(INPUT DATA)
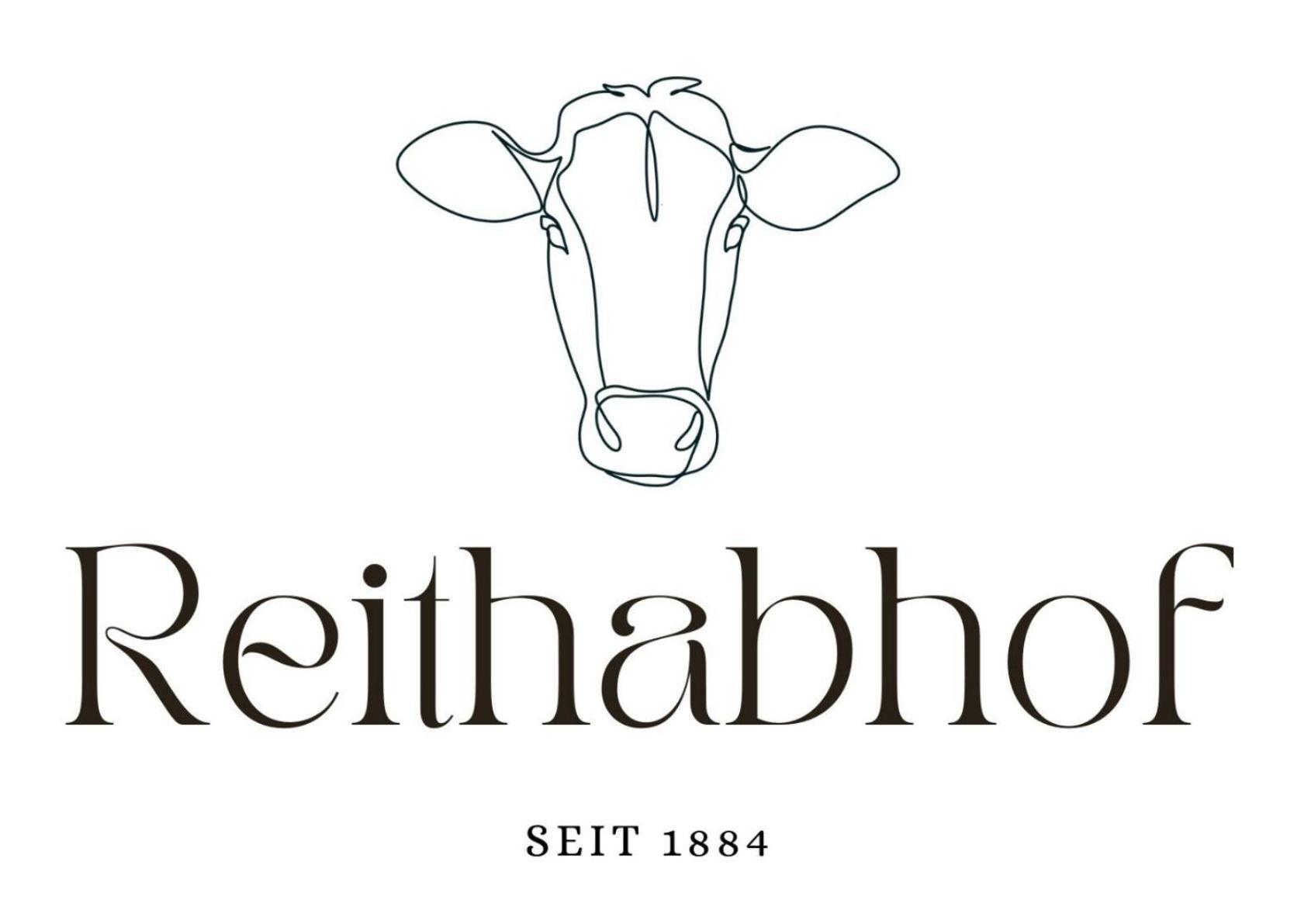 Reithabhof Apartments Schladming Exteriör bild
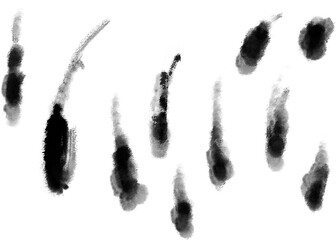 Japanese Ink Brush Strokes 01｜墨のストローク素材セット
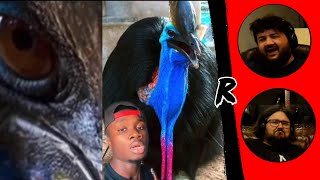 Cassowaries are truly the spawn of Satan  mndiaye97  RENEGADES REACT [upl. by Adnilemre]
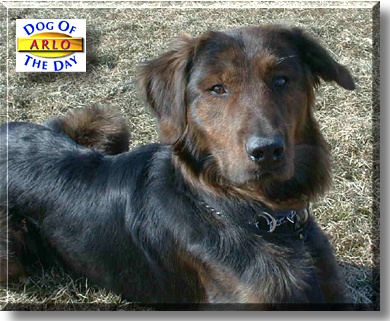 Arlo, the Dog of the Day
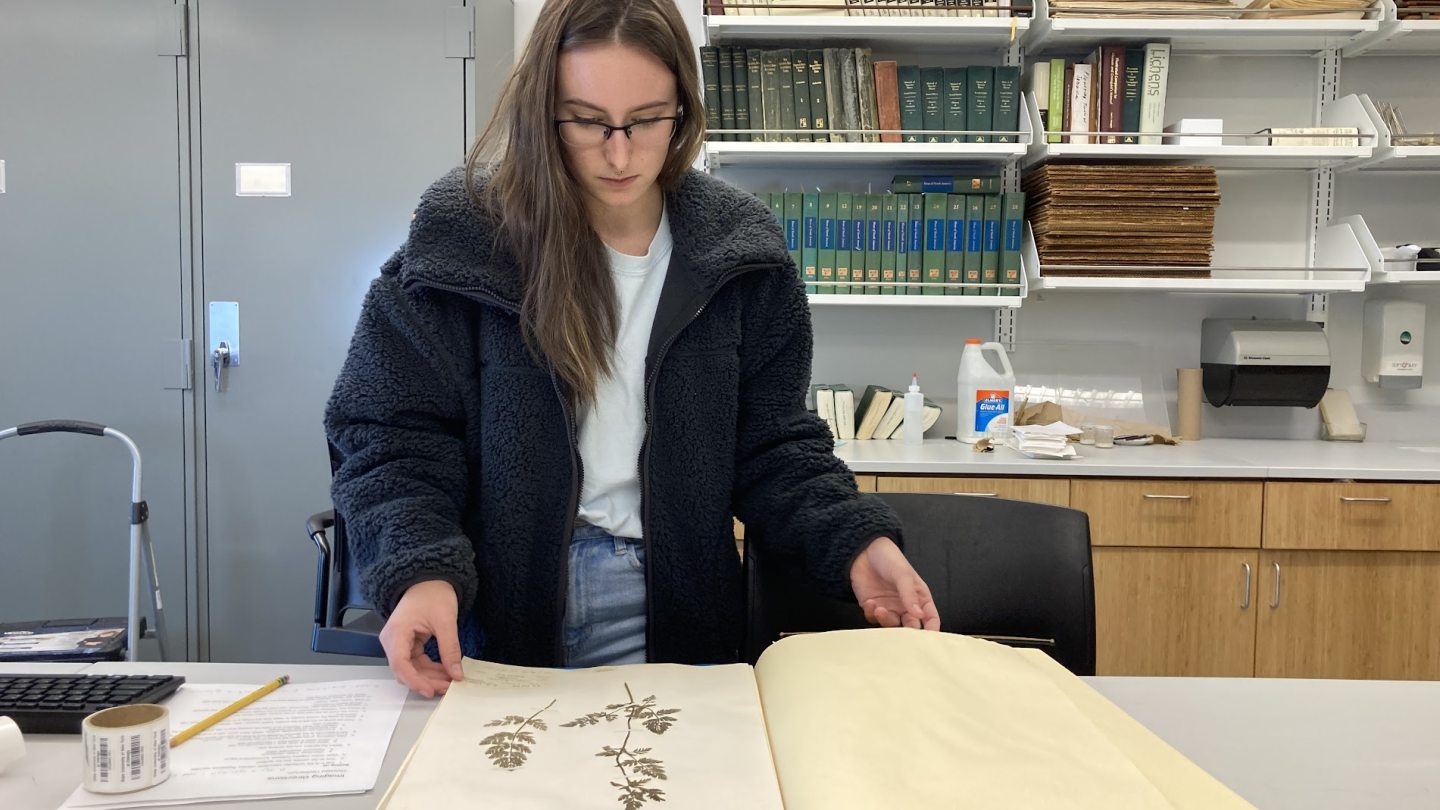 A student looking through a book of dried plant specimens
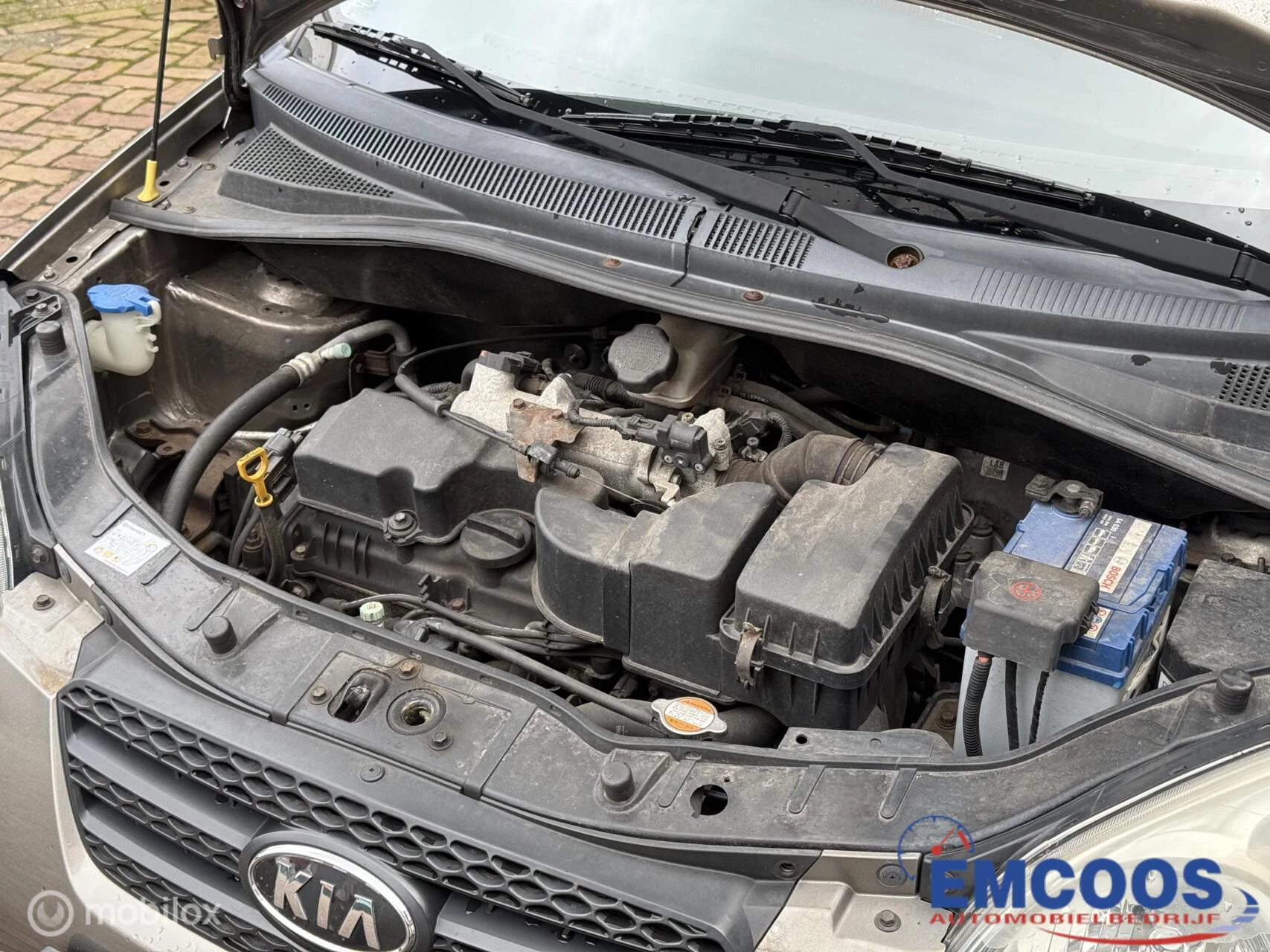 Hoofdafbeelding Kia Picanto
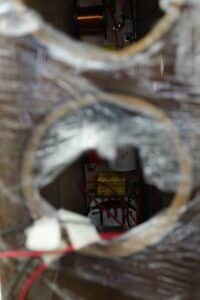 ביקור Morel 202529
==
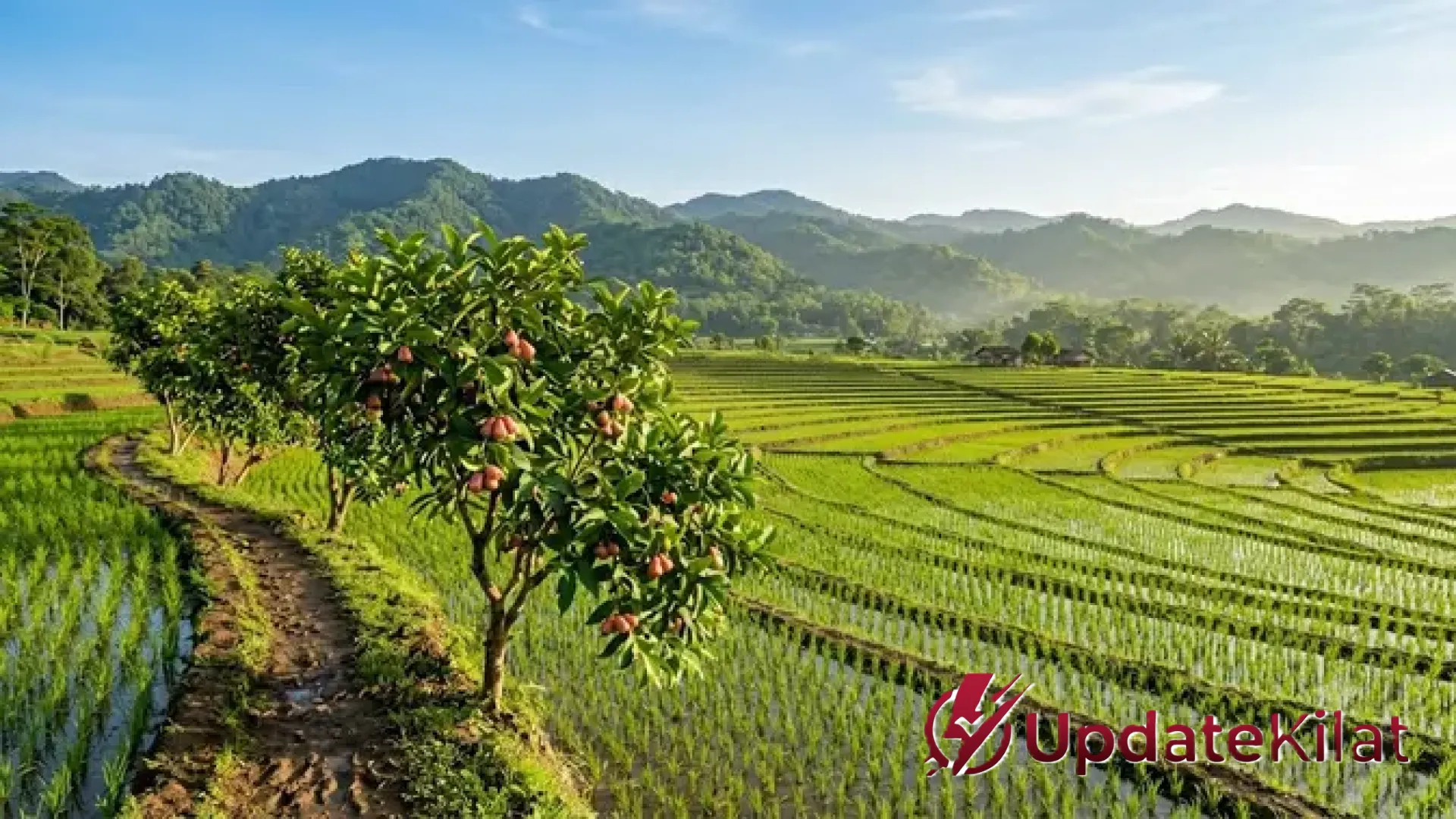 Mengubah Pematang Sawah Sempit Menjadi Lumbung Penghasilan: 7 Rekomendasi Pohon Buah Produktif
--
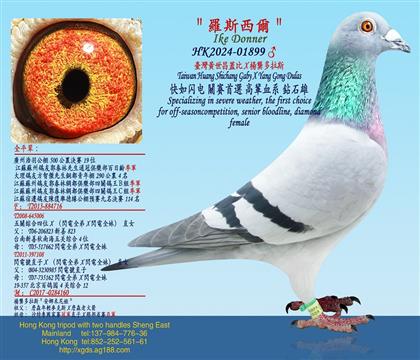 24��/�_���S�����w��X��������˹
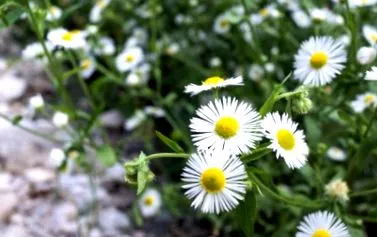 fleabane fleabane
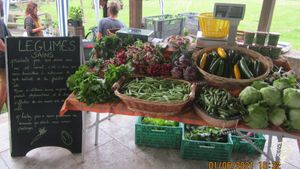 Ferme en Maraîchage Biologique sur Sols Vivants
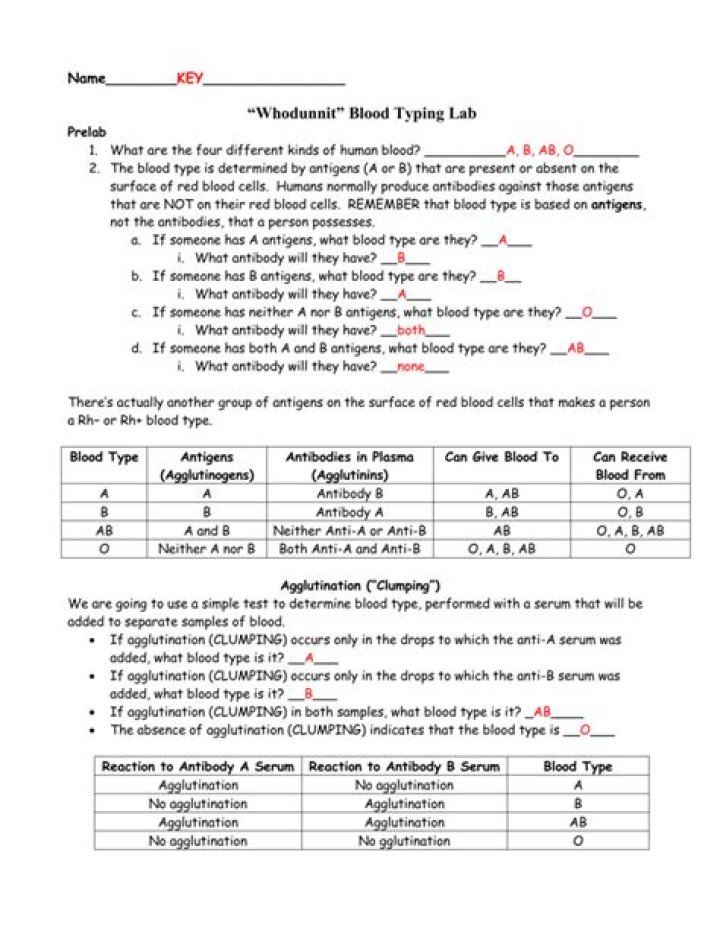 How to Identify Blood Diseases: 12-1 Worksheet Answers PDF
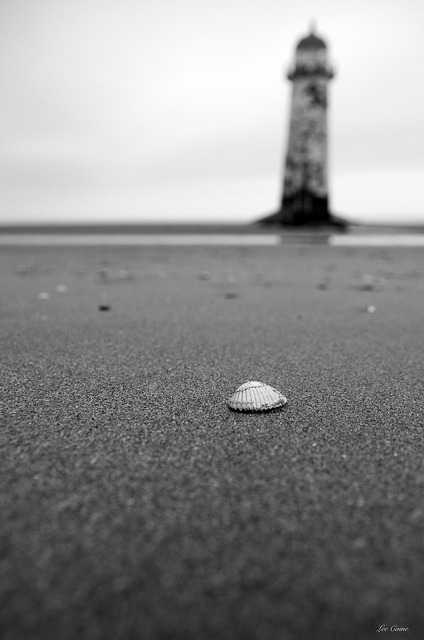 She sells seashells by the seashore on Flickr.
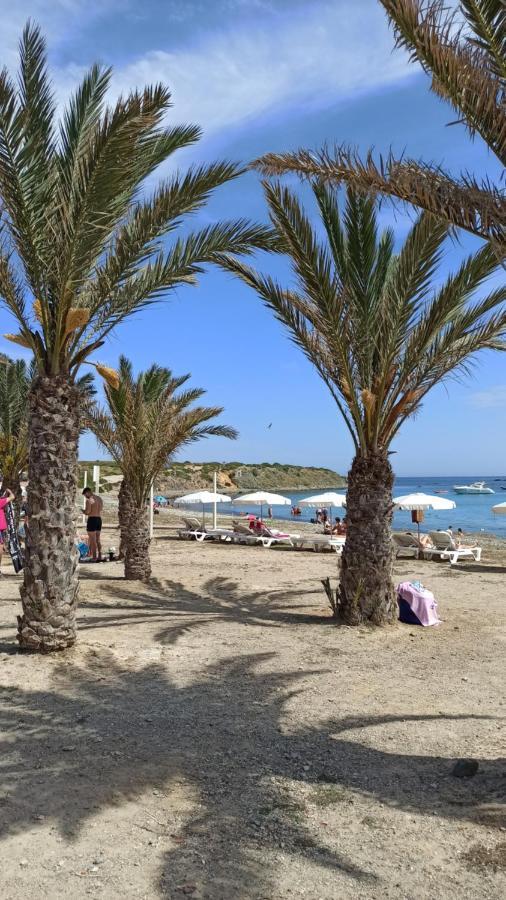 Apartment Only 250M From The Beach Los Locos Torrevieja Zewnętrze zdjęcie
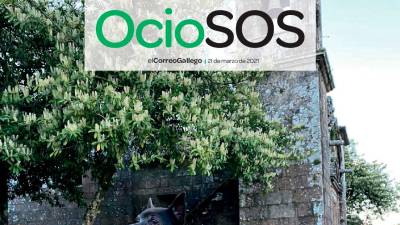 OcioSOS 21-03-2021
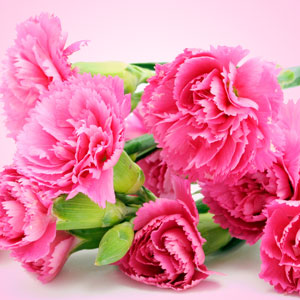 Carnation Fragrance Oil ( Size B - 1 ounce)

(PROMPT) Beginning with the line that contains "Reithabhof Apartments Schladming" and ending with the line that contains "ביקור Morel 202529", reproduce the listing exactly, pictures excluded.

(FINISHED TASK)
 Reithabhof Apartments Schladming Exteriör bild
 Japanese Ink Brush Strokes 01｜墨のストローク素材セット
 Cassowaries are truly the spawn of Satan  mndiaye97  RENEGADES REACT [upl. by Adnilemre]
 Arlo, the Dog of the Day
 A student looking through a book of dried plant specimens
 Hoofdafbeelding Kia Picanto
 ביקור Morel 202529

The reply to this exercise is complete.